EXERCISE REQUIREMENTS: Output the data below exactly, images excluded.

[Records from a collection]
━━━━━━━━━━
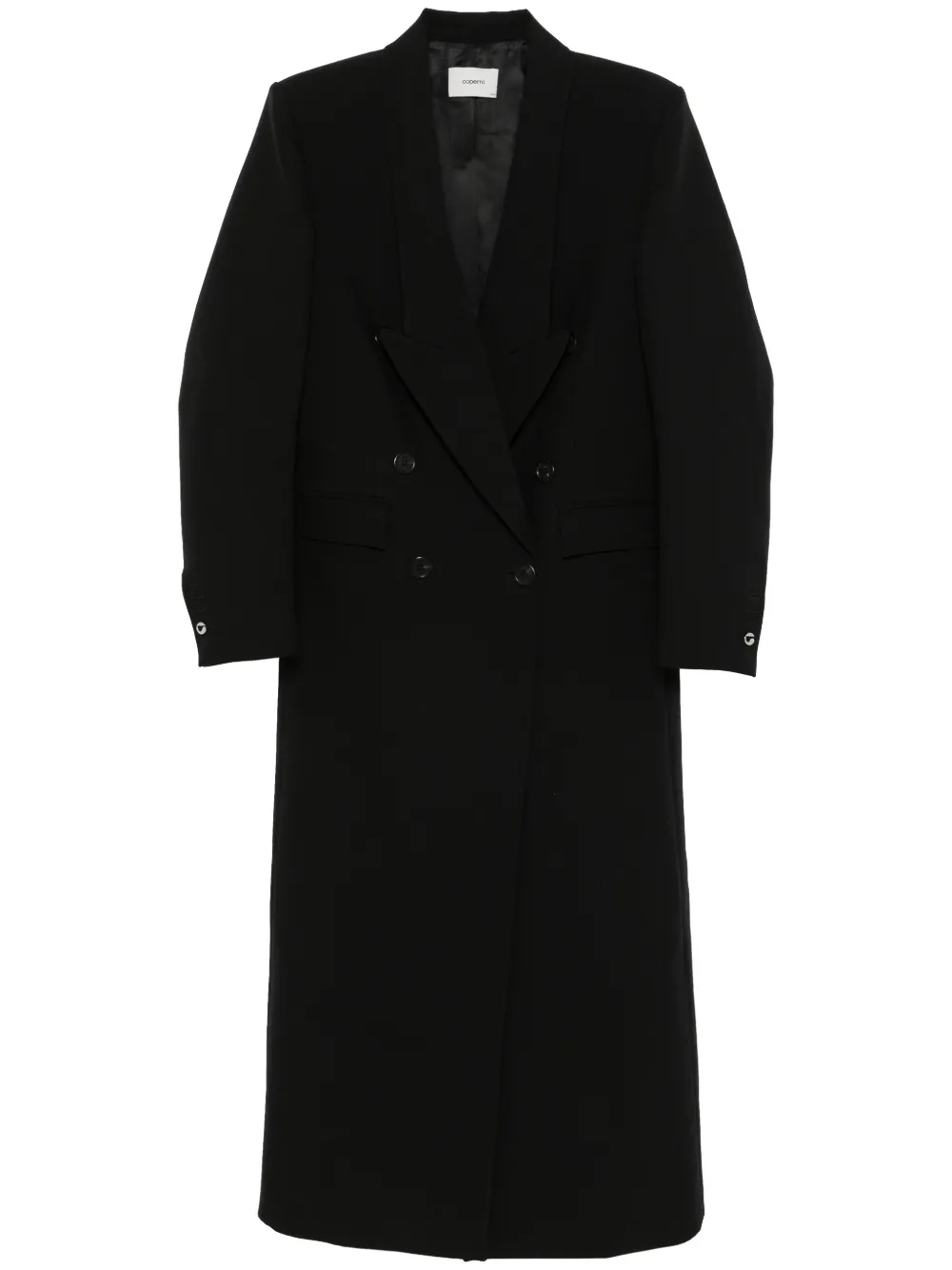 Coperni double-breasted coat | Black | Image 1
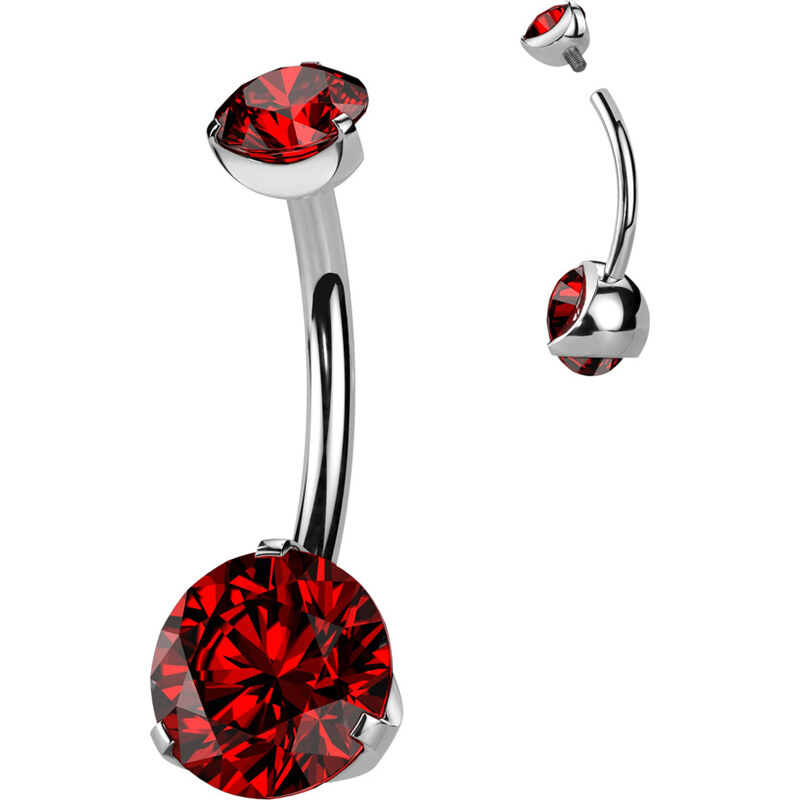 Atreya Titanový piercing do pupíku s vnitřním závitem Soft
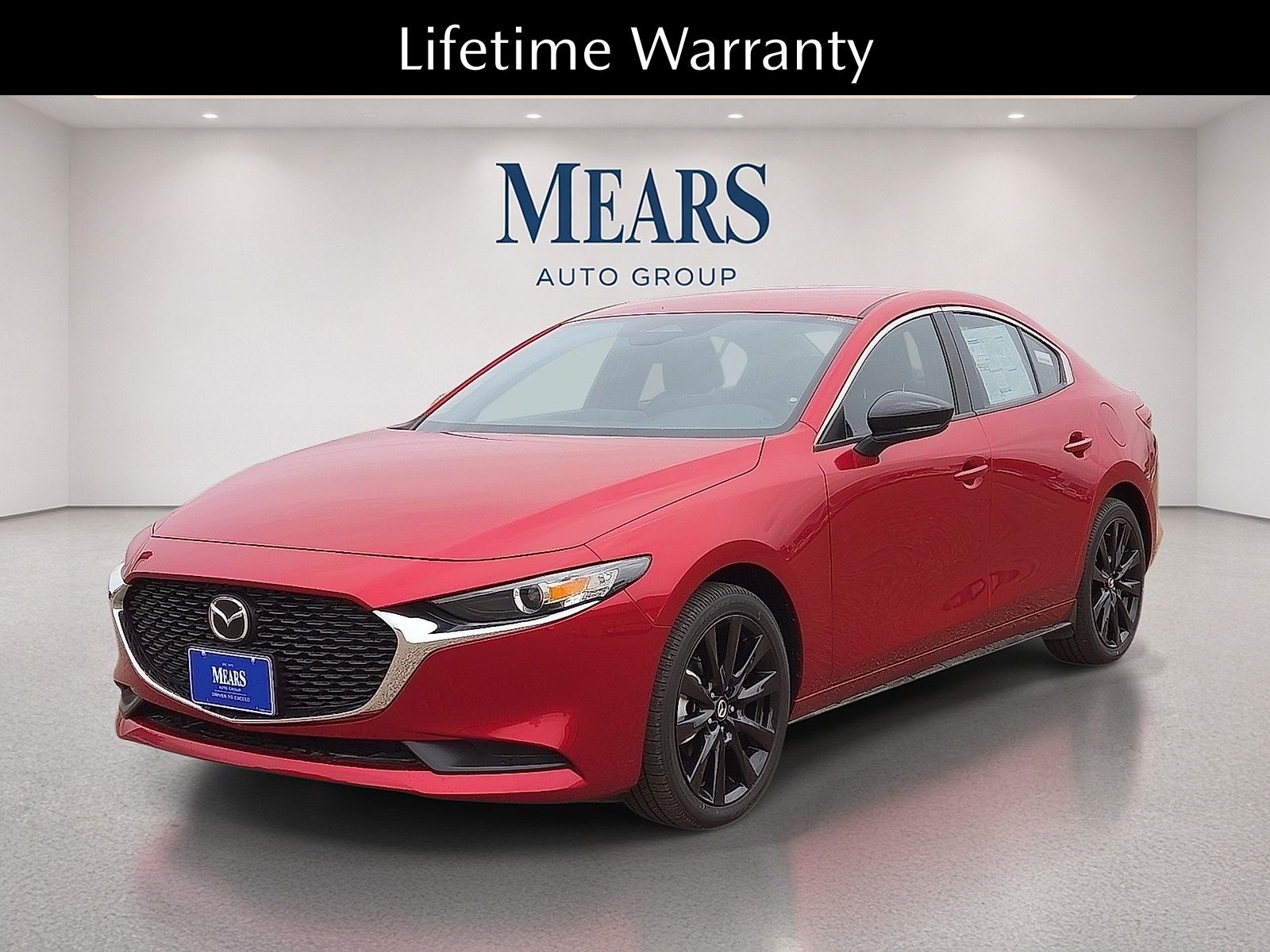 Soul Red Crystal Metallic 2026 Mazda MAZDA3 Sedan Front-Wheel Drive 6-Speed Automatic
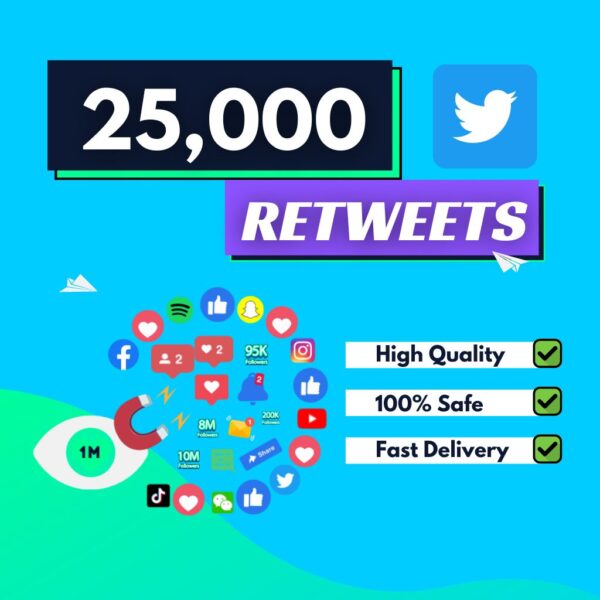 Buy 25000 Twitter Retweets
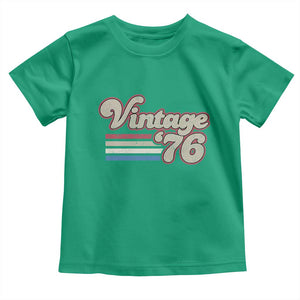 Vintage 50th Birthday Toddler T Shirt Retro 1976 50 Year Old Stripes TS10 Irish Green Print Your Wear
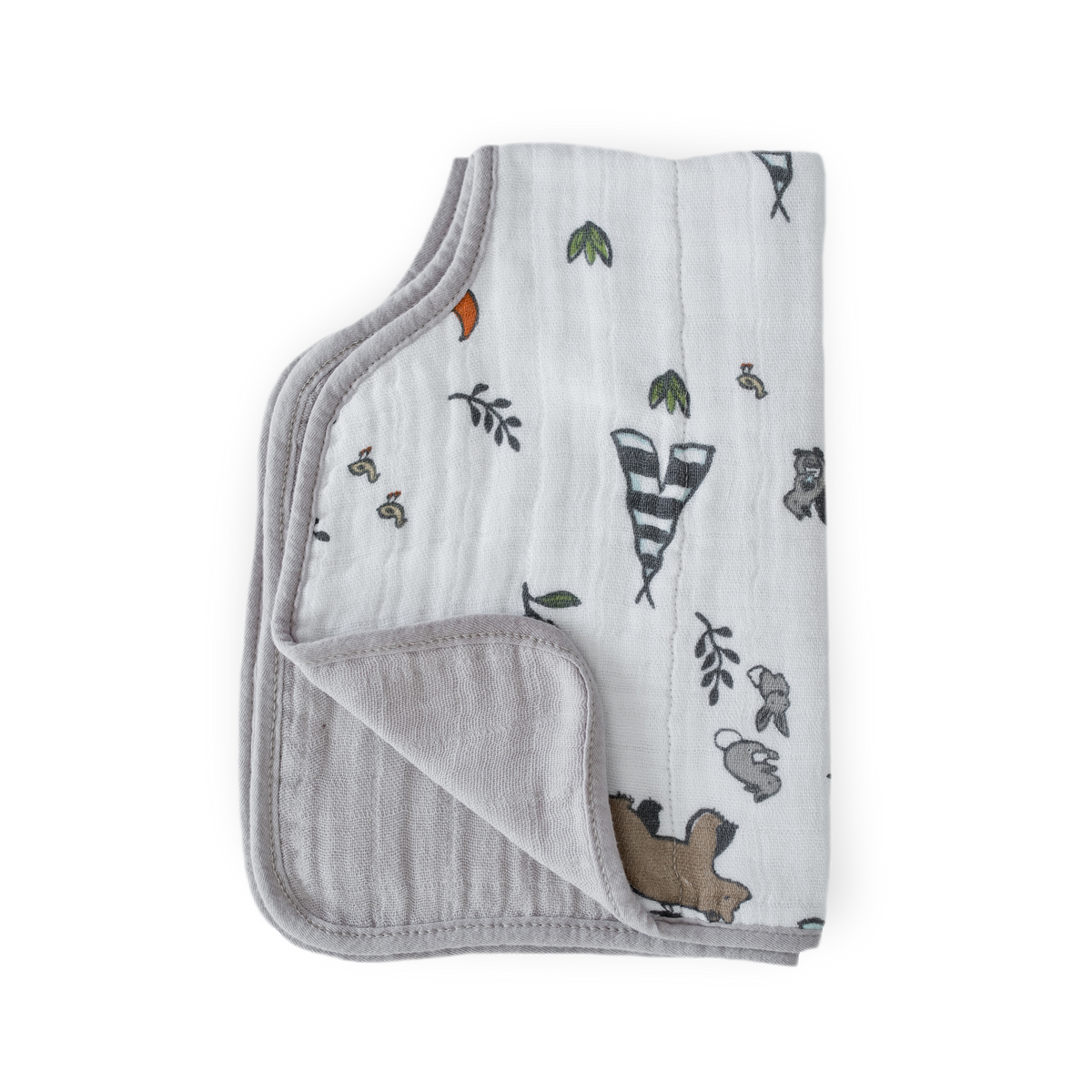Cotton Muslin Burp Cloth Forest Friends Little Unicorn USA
━━━━━━━━━━
EXERCISE OUTPUT:
 Coperni double-breasted coat | Black | Image 1
 Atreya Titanový piercing do pupíku s vnitřním závitem Soft
 Soul Red Crystal Metallic 2026 Mazda MAZDA3 Sedan Front-Wheel Drive 6-Speed Automatic
 Buy 25000 Twitter Retweets
 Vintage 50th Birthday Toddler T Shirt Retro 1976 50 Year Old Stripes TS10 Irish Green Print Your Wear
Cotton Muslin Burp Cloth Forest Friends Little Unicorn USA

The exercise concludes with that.